In the present case a party submission was made on 29 March 2006 suggesting the appointment of an expert (see paragraph 11 of the judgment), and a hearing took place on the same date (see paragraph 12 of the judgment).

This being the background, and although the wording of paragraph 12 of the judgment shows that no direct question was put by the court to the parties concerning the expert’s character, one has to conclude that, for the purposes of the aforementioned section 251, the parties had been duly heard on the request to appoint an expert: the domestic court had received the defendant party’s written request, and it convened a hearing in which the applicant party appeared, so that the proceedings were adversarial. Of course, in such circumstances there is no need for the minutes of the hearing to record the full range of issues covered by the hearing. Also, as a rule, if an issue is passed over in silence “in the minutes of the hearing”, there is no reason to consider that the parties have not been heard on the matter, if the same matter was among those to be discussed because of a petition, to which no party objected, such that it was granted. At any rate, should such a procedural flaw have occurred, it was again the parties’ responsibility – under the relevant rules of civil procedure – to raise an objection as soon as possible, whereas in this case six years passed without any one voicing doubts about the manner in which this hearing had been conducted. The applicable rules of civil procedure are in the hands of the parties and, if they have something to say, they should do so, as I mentioned before with reference to the Court’s case-law.

Bearing this in mind, and given that the Court cannot reproach the domestic court with failing to “explicitly” hear the parties on the appointment of the expert, although a hearing was convened in which a written submission was examined and granted, I (once more) cannot understand the content of paragraph 73 of the judgment, which – after citing section 251 of the Act - refers to the commissioning of an expert report as a matter “within the competence of the court conducting the proceedings”. Whatever that may mean, in my view, no flaw can be inferred from the domestic court’s conduct of the procedural steps leading to commissioning of the expert.

16. Lastly, I must emphasise that in paragraph 74 the judgment also expresses the view that the domestic court “was expressly required” by the Act, but “failed”, to invite the expert “to state her relationship with the parties”, even though she was warned about the legal consequences of perjury. The majority refer to the provision of section 258 of the Act, in the part in which it reads:

“[The expert] shall be cautioned regarding the consequences of perjury. After this, the expert shall be asked to give his or her name and surname, his or her father’s name, address, place of birth, age and relationship to the party .”

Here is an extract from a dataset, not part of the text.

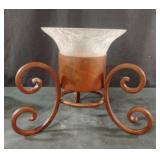 rustic metal and glass candle holder
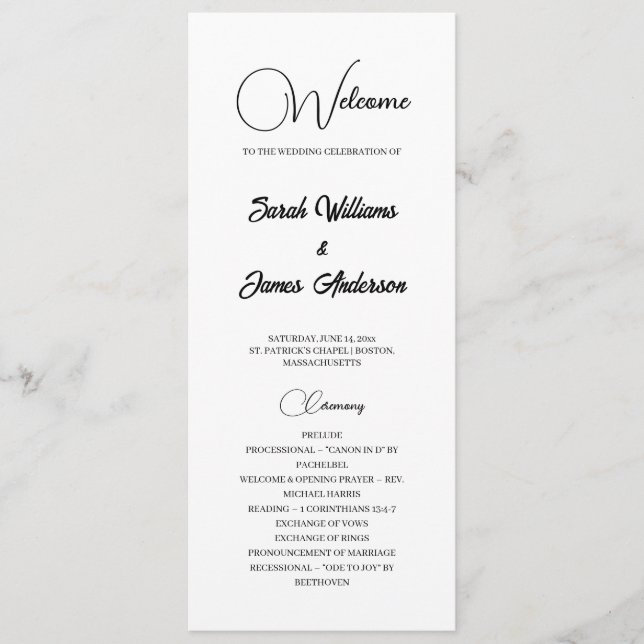 Elegantes Black Typografy White Wedding Program Programm (Vorderseite)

17. Again, the above passage of the majority’s reasoning appears obscure to me. In my view, whatever the domestic law may treat as perjury, omitting to state a relevant relationship may be relevant only if such a relevant relationship existed. Otherwise, courts’ minutes are usually short and sparing. What is material to our case is that no relevant employment relationship existed, as the domestic court unambiguously explained.

18. To conclude, for the purposes of developing the Court’s case-law on the procedural aspects of requesting the disqualification of court experts, the findings of the judgments have strong merit; however, some other, sometimes obscure, findings – although they should be considered as obiter dicta - are unacceptable and need clarifications.